Politica

«Il Mediterraneo rischia di finire in mano ai predoni»

Paolo Quercia è un analista esperto di pirateria, lavora per il Centro Alti studi della Difesa.

Cosa è accaduto al largo della Libia con il fallito sequestro di un peschereccio italiano?

«Un vero e proprio atto di pirateria, un assalto armato in piena regola da parte di milizie irregolari, o comunque che non rispondono più a catene di comando istituzionali internazionalmente riconosciute. Ed è la prima volta, che capita qualcosa del genere, rispetto ai sequestri precedenti».

Ovvero?

«Da quando la Libia reclama un'estensione delle proprie acque territoriali ben superiore a quanto previsto dal diritto internazionale si sono registrati negli ultimi dieci anni almeno una dozzina di casi di pescherecci italiani sequestrati. Gli ultimi risalgono al 2012 in Cirenaica».

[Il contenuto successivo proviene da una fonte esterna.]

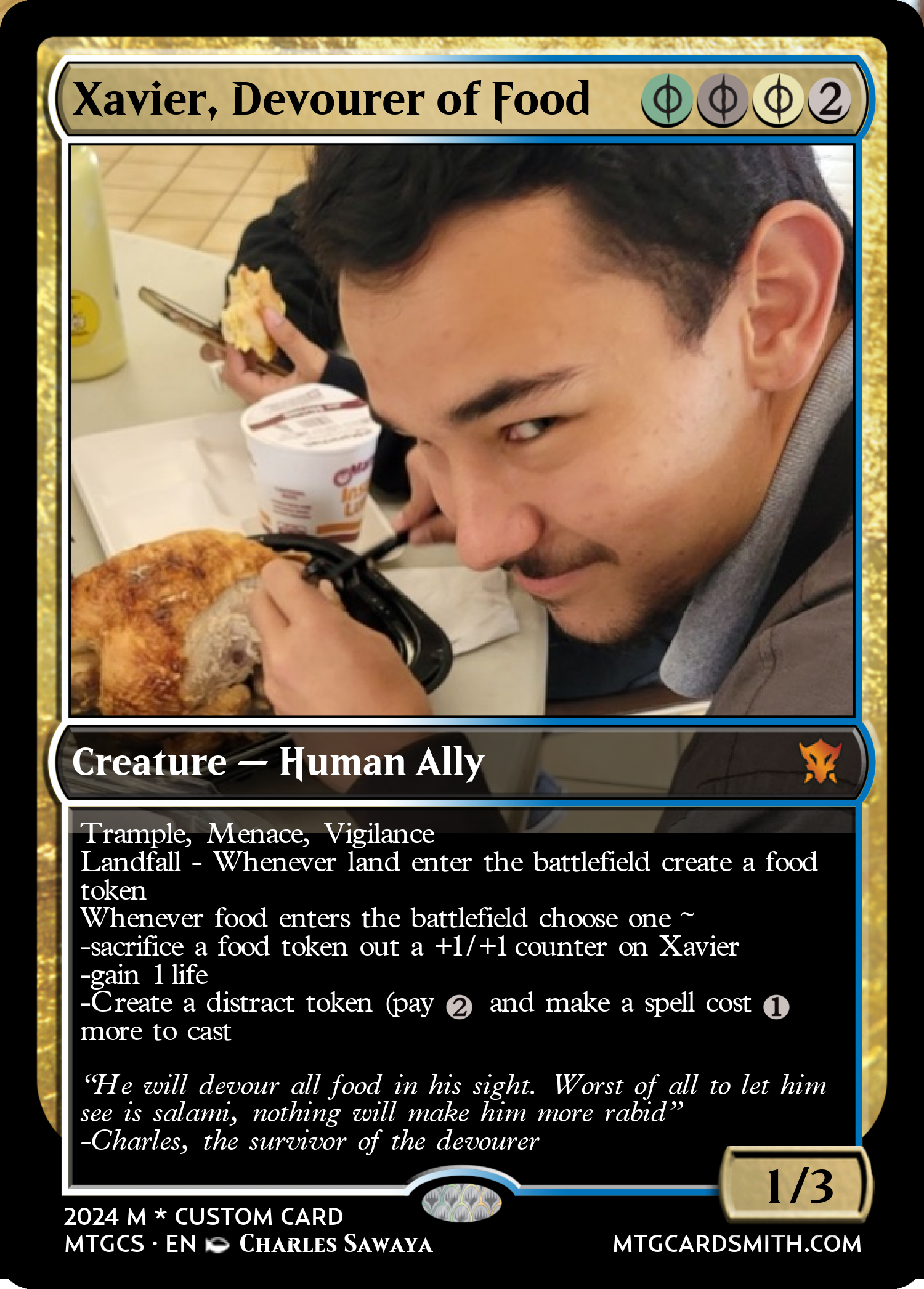 Xavier, Devourer of Food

Perché questa volta è diverso?

«La Marina militare ha fatto bene ad intervenire tempestivamente in quanto era molto elevato il rischio che i sequestratori potessero chiedere un riscatto o peggio. Avrebbero potuto girare gli ostaggi a gruppi islamisti. È chiaro che esiste ormai un potenziale enorme per la nascita di una pirateria libica. Il “business model“ è quello somalo, ben rodato e non difficile da replicare sulle sponde del Mediterraneo».

La Libia come la Somalia?

«Le condizioni ci sono già tutte. Ne ho parlato in tempi non sospetti in vari convegni per la presentazione del volume “Il Tesoro dei pirati” realizzato per il Ministero della Difesa. Quello che lo ha impedito fino ad oggi è il fatto che il business criminale del traffico dei migranti è molto più redditizio e meno complesso della gestione di un sequestro di nave ed equipaggio per diversi mesi».

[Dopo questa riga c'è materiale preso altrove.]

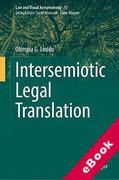 Cover of Intersemiotic Legal Translation (eBook)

Bisogna intervenire militarmente?

«Il rischio è che un contrasto più robusto ai trafficanti porterebbe ad aumentare il numero dei tentati abbordaggi alle navi italiane. Vorrei sbagliarmi, ma credo che presto saremo costretti a porci il il problema della scorta armata ai pescherecci nel Mediterraneo. Sarebbe un segnale che la situazione ci è sfuggita di mano».

L'altro giorno una presunta motovedetta libica che spara e si porta via un barcone per i migranti. Ieri un rimorchiatore senza insegne che sequestra un peschereccio italiano. Chi sono questi nuovi pirati?

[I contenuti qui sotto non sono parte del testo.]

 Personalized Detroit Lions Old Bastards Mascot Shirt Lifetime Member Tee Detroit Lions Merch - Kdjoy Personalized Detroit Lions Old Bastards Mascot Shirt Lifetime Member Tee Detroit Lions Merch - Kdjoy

«Nell'anarchia in cui è sprofondata la Libia possono essere chiunque. Schegge della forze di sicurezza che rispondono a se stessi o alle milizie più forti o addirittura gruppi terroristici».

Che collegamento con le bandiere nere?

«Se seguiamo lo scenario somalo i pirati sono nati da clan o milizie locali che poi pagavano il pizzo a gruppi del terrore per ottenere protezione e garantire i sequestri.

Lo stesso potrebbe capitare in Libia grazie alla galassia di milizie e forze di sicurezza sbandate, che magari hanno bisogno dell'appoggio di gruppi terroristici, che non mancano da Ansar la Sharia al Califfato».